1. Annual solar installations took a hit.

The amount of solar installed during 2017 was appreciably below what 2016 racked up, say GTM Research and the Solar Energy Industries Association (SEIA) in their annual report.

We were coming off an incredibly strong 2016 performance, driven in part by a key tax policy deadline, so 2017 was going to be a year for the industry to catch its breath anyway. President Trump toying with the idea of solar tariffs, though, unsettled companies and customers. And the late 2017 tax law undermined, or at least muddied, some of the federal incentives for solar.

So that part of the drop was not unexpected.

But we also saw softening in key residential markets. Massachusetts, for example, is (again) bumping up against state-mandated caps on “net-metered” solar, and having some growing pains in moving to a new approach to customer incentives. In California, GTM and SEIA said, the drop was due to “a wet winter and saturation in the state’s largest solar market”.

2. But solar still soared overall.

But pull the lens back a bit, temporally, and it’s easy to see a lot to celebrate in the 2017 results:

  • With 10,618 megawatts of new solar capacity installed during the year, 2017 was second only to 2016.
  • Those 10,618 megawatts are enough to meet the electricity needs of more than 2 million typical US homes.
  • The 2017 total for new solar capacity was more than 40% above 2015’s, and more than three times what got installed just five years earlier.
  • Total installed US solar capacity, at 53,000 megawatts, is now twice what it was at the end of 2015.

The 2017 installation total for the residential sector, down 16% from 2016, still grew in 25 out of the 44 states that GTM/SEIA track, and was 80% higher than in 2014.

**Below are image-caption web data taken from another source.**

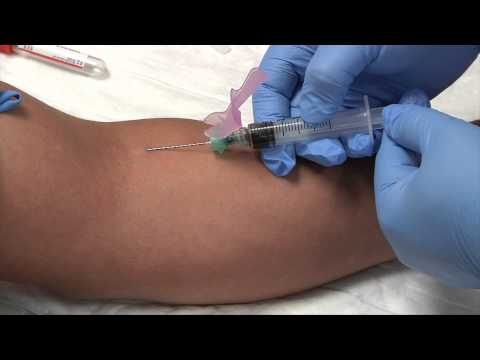 Phlebotomy: Syringe Draw Procedure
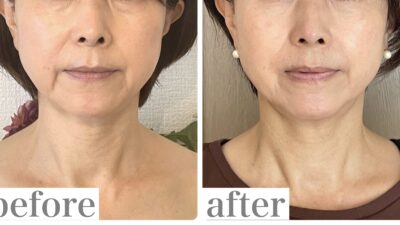 フェイスライン引きあがるのに、ほうれい線は変わらない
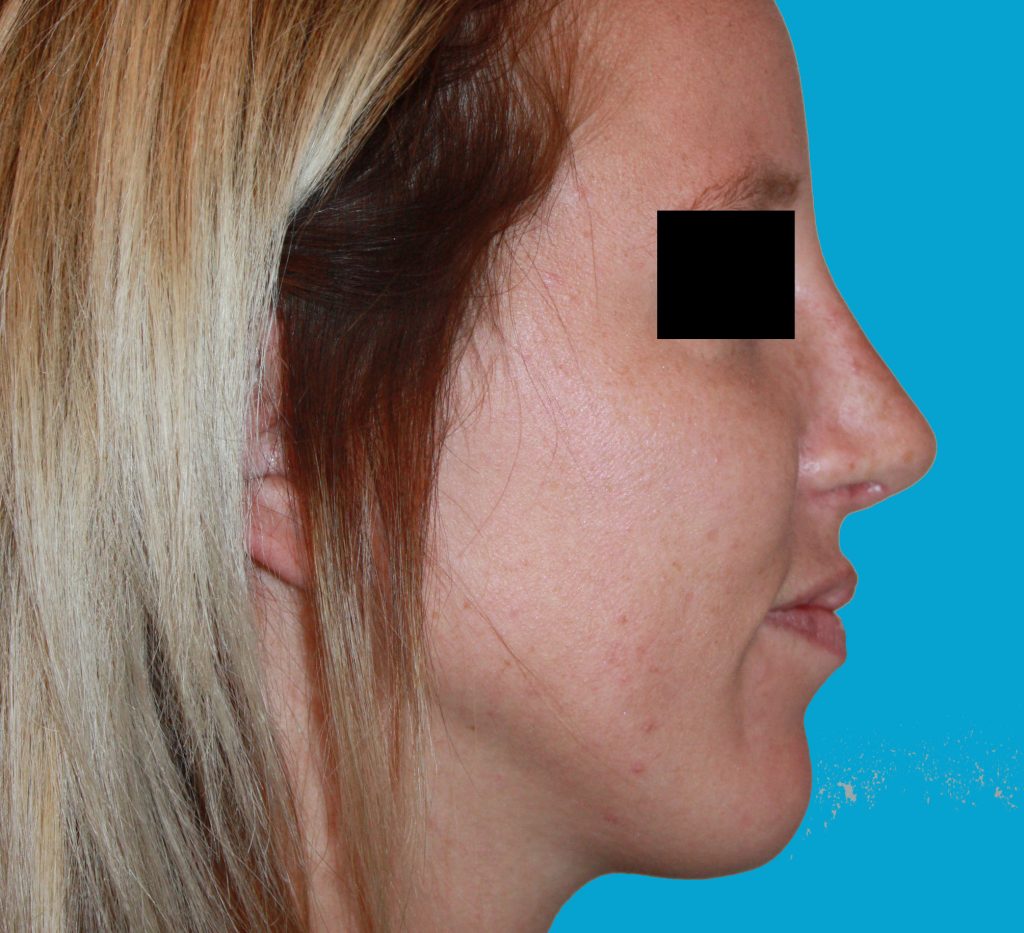 Patient 8 After Image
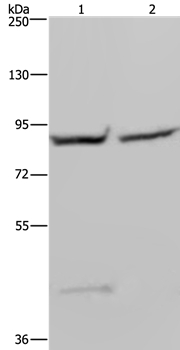 Anti-GYS1 Antibody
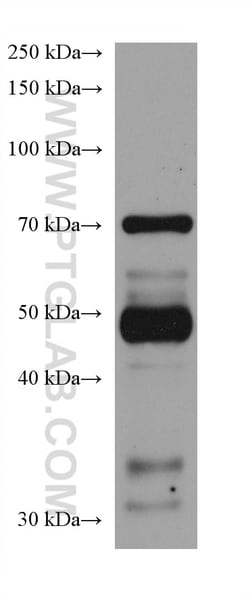 GAS2L1 Mouse Monoclonal Antibody, Proteintech:Antibodies:Primary Antibodies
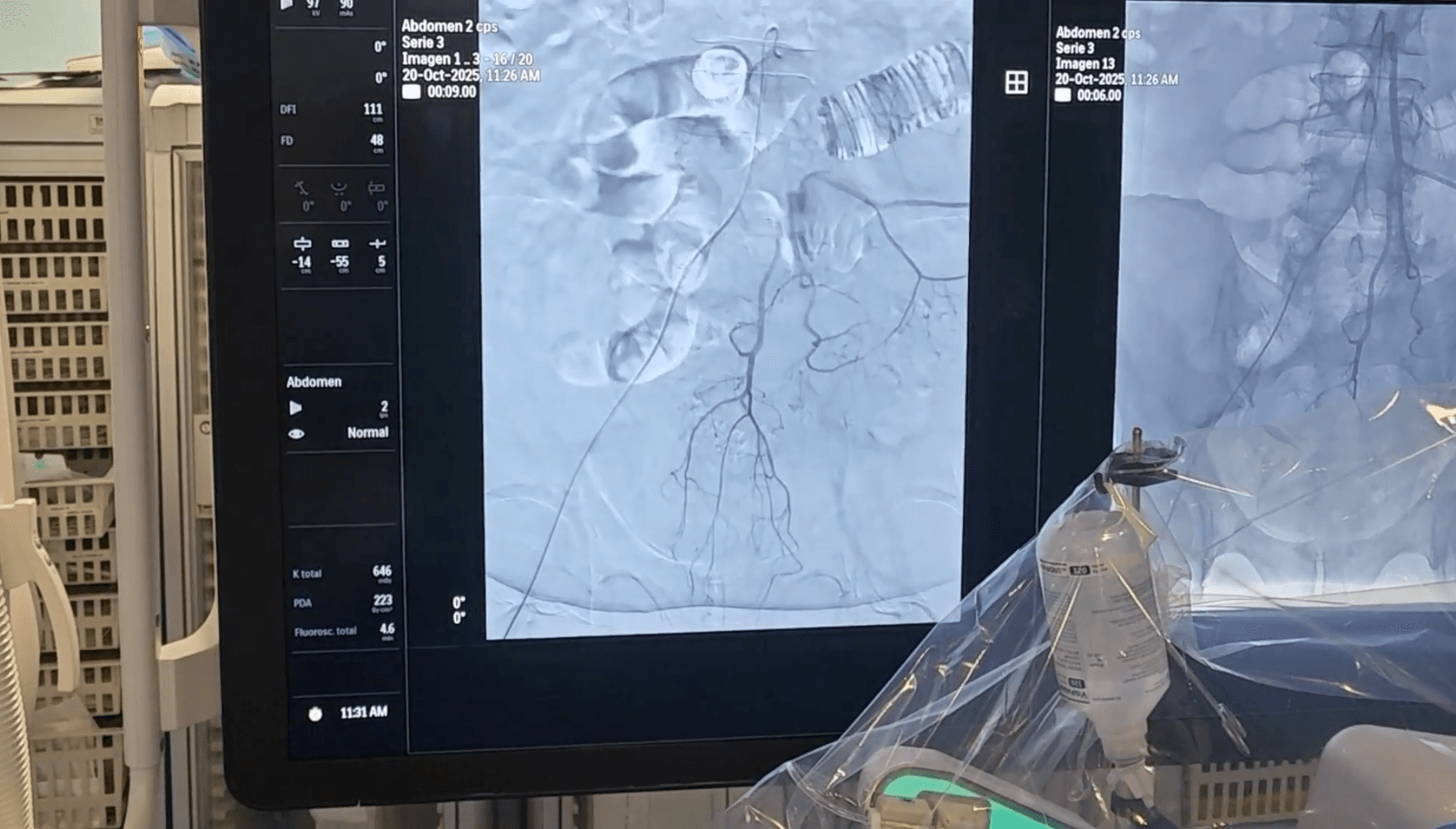 embolización de arterias hemorroidales superiores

And the non-residential sector actually had a great year, with 28% more capacity installed during 2017 than in 2016. That category includes systems for businesses (commercial and industrial), but also community/shared solar, which accounts for 20% of that category. Community solar systems let households or businesses buy into solar by subscribing from a distance. And that’s a great thing as we continue to work to serve households that can’t do solar on the roof (renters, etc.).

3. And… we can do better.

GTM/SEIA are projecting that 2018 installations will be right around the same level as 2017, and that then we’ll start to climb. But their projections—reasoned and well-grounded though they are—aren’t our destiny. “There is no rule that says just because there’s a projection of a flat year or doubling by 2022 that we can’t do better,” says Dan Whitten, SEIA’s vice president of communications.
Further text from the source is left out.